Keep to one stretch of the data below, the lines from the one with "64 Spar Drive Mastic Beach, NY 11951" up to and including the one with "American Eagle cheetah", and return that stretch exactly.

>>>

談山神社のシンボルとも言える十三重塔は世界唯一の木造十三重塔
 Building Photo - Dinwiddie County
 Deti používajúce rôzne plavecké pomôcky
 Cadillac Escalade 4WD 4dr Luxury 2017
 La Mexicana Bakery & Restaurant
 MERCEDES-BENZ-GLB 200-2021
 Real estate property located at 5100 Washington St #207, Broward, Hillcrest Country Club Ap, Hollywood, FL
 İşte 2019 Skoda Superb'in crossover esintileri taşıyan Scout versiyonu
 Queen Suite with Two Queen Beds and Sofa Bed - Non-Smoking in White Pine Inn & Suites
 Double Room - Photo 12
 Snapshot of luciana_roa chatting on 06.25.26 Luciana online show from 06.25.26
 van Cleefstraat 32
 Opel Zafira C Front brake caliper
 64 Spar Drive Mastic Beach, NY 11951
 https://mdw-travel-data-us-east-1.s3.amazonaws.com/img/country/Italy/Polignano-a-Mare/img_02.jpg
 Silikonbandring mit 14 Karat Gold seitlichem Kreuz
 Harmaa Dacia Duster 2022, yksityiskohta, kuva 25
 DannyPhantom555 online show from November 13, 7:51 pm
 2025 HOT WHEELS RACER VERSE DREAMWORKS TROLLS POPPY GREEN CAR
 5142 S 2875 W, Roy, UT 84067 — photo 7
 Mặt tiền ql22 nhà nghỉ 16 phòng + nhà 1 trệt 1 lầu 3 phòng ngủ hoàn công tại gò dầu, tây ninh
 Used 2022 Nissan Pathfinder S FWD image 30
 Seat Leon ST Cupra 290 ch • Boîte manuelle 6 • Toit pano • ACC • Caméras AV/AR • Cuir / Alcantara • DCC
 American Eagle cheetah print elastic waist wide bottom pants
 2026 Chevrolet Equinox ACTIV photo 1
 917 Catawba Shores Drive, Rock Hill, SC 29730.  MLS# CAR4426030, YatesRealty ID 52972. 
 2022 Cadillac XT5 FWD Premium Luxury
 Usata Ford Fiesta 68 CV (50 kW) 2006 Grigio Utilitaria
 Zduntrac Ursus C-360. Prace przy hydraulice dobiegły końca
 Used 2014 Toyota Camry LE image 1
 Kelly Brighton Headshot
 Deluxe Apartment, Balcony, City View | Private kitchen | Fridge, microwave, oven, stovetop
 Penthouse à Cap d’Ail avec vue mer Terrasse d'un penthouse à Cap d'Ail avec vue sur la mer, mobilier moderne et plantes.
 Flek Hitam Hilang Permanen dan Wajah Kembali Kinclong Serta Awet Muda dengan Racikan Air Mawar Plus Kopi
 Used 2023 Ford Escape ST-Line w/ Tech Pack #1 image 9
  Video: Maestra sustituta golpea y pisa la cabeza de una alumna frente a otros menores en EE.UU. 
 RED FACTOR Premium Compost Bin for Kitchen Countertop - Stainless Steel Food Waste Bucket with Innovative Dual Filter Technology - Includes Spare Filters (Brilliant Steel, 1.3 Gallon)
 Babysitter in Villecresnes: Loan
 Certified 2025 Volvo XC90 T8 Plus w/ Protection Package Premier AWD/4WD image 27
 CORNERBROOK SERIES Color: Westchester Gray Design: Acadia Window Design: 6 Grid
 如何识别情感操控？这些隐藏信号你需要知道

<<<

* _RESULT OF THE TASK_:
 64 Spar Drive Mastic Beach, NY 11951
 https://mdw-travel-data-us-east-1.s3.amazonaws.com/img/country/Italy/Polignano-a-Mare/img_02.jpg
 Silikonbandring mit 14 Karat Gold seitlichem Kreuz
 Harmaa Dacia Duster 2022, yksityiskohta, kuva 25
 DannyPhantom555 online show from November 13, 7:51 pm
 2025 HOT WHEELS RACER VERSE DREAMWORKS TROLLS POPPY GREEN CAR
 5142 S 2875 W, Roy, UT 84067 — photo 7
 Mặt tiền ql22 nhà nghỉ 16 phòng + nhà 1 trệt 1 lầu 3 phòng ngủ hoàn công tại gò dầu, tây ninh
 Used 2022 Nissan Pathfinder S FWD image 30
 Seat Leon ST Cupra 290 ch • Boîte manuelle 6 • Toit pano • ACC • Caméras AV/AR • Cuir / Alcantara • DCC
 American Eagle cheetah print elastic waist wide bottom pants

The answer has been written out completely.